Glenroy Cumberbatch, the registrar of the Caribbean Examinations Council (CXC), made the disclosure on Wednesday at the Grenada meeting of regional leaders for their 38th heads of government conference. He was among officials who spoke at a press briefing on the CARICOM Human Resource Development 2030 Strategy.
"It's extremely low," he said of the average level of access which he said represents an increasing trend. "We're not just talking about university education. We're talking about university education plus community college education, plus polytechnic education plus sixth-form education, that, whole mesh of opportunities for people to go beyond secondary school is important to the economies."

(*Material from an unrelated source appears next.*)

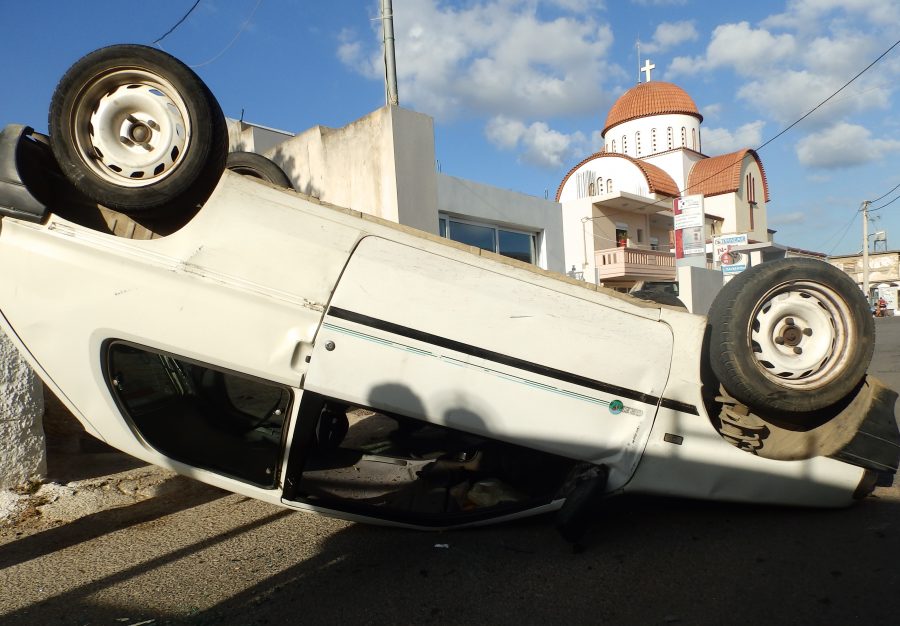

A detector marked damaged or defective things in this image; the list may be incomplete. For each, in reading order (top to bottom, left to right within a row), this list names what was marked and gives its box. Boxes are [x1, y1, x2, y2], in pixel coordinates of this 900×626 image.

overturned white car [0, 46, 896, 532]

The disclosure also means CARICOM failed to meet the 15 per cent target for 2005 that it set in 1997.
The CXC head argued that there is immediate need for traditional methods of teaching in the region to accommodate the abilities of all children. He said there has to be a greater focus on sustaining the curiosity of children, emphasising collaborative learning in addition to expanding access.
The efforts of Caribbean governments, he admitted, will be affected by funding, though he said money is not all.
"If you look at the funding that the governments of the Caribbean put towards education, it is comparable with funding for the Organisation for Economic Co-operation and Development and the industrialised countries. In a sense, it may not be the amount of money, it may be more how that money is used."
Significant wastage in education system
Didacus Jules, the director general of the Organisation of Eastern Caribbean States (OECS), backed up that argument saying "the problem is not money, the problem is a need for wholesale reform we've been speaking about". "There's significant wastage in the education system. Look at levels of dropout, the levels of repetition in schools, especially at secondary schools.
"I did some research in one particular OECS country. Over an eight-year period, the cohort of students who entered secondary school was about 6,000. By the time you get to form five (grade 11), you have a certain level of dropout from that. And of the population present in the secondary school, about nine per cent do not sit CSEC after five years."
"Of those, who sit the exam, you have further wastage, and less than half got five or more subjects, which is considered needed for decent wage employment. If you quantify that wastage, it actually comes to about ECD$41 million (J$2.2 billion) in the case of that particular country," he added, noting the spend by parents was not included.
Dr Jules, a former CXC head, said that the reforms of the education system in the region must start at the early-childhood level, which is "underserved" in the region.
The human resource strategy, which proposes several reforms aimed at equipping nationals with skills for regional economic needs, is to be approved by CARICOM heads.